I have two ageing digital SLR cameras, my first originally purchased Nikon D50 from 2005 and a Canon EOS-5D which I came across second-hand a few years ago. Despite being an entry-level camera that’s getting close to its tenth birthday, the D50 is still very close to my heart being the first digital SLR I owned and learned on, as well as being the first camera with which I was able to make some money out of my photography.
The 5D isn’t bad either, but it weighs a lot and is showing its age far more than my Nikon. That said, I’ve not given up hope on it yet. There’s no reason an old camera like this can’t take magnificent photographs, though there are a few things to remember when pushing your kit to the limit.
Dirty Cameras Mean Dirty Photos
No, not those kind of dirty photos – I’m talking about fungus, dust specks and marks on the glass or sensor. If your old camera is getting on a bit, there’s a good chance it could do with a clean. Unless you’ve only ever changed lenses in a vacuum, you’ll have all kinds of fluff and dust to contend with and for that you could probably do with a dust blower. They’re cheap, $5 rubber-on-plastic affairs that help dislodge loose debris from your camera’s internals.
If the situation is worse than this, don’t go touching anything on the inside but instead consider getting the camera cleaned for a flat fee. There are lots of camera servicing centres that will thoroughly clean the innards, though you’ll want to opt for a wet-clean using solvents on the sensor if your kit is badly in need of a clean.

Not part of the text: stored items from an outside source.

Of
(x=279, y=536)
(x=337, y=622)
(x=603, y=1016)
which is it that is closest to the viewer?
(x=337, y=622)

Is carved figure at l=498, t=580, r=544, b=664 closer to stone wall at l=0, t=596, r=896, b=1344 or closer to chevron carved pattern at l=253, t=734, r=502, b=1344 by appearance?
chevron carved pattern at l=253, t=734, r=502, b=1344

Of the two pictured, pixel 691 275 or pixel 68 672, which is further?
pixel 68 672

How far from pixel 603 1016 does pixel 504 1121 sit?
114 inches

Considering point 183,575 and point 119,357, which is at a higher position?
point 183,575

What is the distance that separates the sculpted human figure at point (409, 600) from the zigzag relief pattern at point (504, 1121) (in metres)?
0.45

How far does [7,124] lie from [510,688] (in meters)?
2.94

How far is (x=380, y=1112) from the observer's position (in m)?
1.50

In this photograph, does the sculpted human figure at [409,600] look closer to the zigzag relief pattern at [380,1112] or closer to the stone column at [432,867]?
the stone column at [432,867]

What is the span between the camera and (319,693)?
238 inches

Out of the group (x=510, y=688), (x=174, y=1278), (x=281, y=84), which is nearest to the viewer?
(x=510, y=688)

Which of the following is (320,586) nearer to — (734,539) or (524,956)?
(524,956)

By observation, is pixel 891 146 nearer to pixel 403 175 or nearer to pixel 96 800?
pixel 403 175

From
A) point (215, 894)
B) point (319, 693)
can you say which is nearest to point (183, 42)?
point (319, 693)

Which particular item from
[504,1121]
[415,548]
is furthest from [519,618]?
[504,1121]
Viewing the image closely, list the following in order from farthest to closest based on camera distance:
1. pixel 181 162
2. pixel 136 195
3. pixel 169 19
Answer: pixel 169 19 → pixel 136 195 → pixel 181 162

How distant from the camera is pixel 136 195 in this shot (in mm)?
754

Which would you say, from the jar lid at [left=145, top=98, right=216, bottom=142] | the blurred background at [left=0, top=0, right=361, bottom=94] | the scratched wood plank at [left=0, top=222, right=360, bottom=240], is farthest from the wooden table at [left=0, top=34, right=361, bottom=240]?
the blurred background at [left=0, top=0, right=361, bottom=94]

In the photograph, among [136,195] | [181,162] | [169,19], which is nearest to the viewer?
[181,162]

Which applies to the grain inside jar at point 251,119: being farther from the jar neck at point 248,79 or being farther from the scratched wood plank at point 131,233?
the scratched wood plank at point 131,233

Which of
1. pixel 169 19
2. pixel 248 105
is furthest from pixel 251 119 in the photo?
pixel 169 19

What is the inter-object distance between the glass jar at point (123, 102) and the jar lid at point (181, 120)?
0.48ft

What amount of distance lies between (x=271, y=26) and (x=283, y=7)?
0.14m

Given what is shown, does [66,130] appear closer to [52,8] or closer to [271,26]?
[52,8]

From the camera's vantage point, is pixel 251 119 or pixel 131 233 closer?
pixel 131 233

It’s also possible to buy these sensor cleaning kits online, and doing it yourself is considerably cheaper than paying someone else to do it. That said it’s also quite a fiddly operation that requires just enough solvent, the right applicator and a steady hand. Sensors are delicate, and one false move could mean a marked sensor (yes, forever). Which brings us on to the next point…
If said fungus or dust has been there for long enough, or you (or someone else) has botched a cleaning job and marked the sensor itself in the past, there’s very little you can do. In fact, there’s nothing you can do. That 5D I mentioned earlier? Yeah, it’s got sensor problems – mostly fungus after being used as a wildlife photographer’s go-to shooter. The only thing you can do if your sensor is showing up marks or scratches is to choose a wider aperture.
By shooting with a shallower depth of field, those scratches and marks will be far less obvious (quite possibly invisible) on your images. This means no high f-stops unless you’re excited by the thought of hours spent in post removing marks and imperfections. If you’re affected by “sensor blight” it might be best to invest in a 50mm prime (a nifty fifty) or other fast lens and shoot wide-open.
Replace Your Batteries
You will undoubtedly need to replace your old camera’s battery, particularly if this is something you have never done before. Batteries are notoriously bad at maintaining capacity, but the good news is that you can save money by buying third-party batteries. Some third-party batteries even out-perform manufacturer batteries, and seeing as your camera is long past its warranty period you don’t have to stick to first-party replacements any more.
Remember to recycle your old batteries in a responsible way, rather than just throwing them in the bin. Some camera shops will even recycle them for you if you ask nicely enough.
Thanks For The Memory (Cards)
Flash memory doesn’t last forever, and though it’s unlikely you’ve personally ever burned through all the available write cycles on a slab of NAND; you might want to pick up a few spare cards anyway. Many older cameras use FAT as a file system which cannot use volumes larger than 2GB, so stick to cards below this size.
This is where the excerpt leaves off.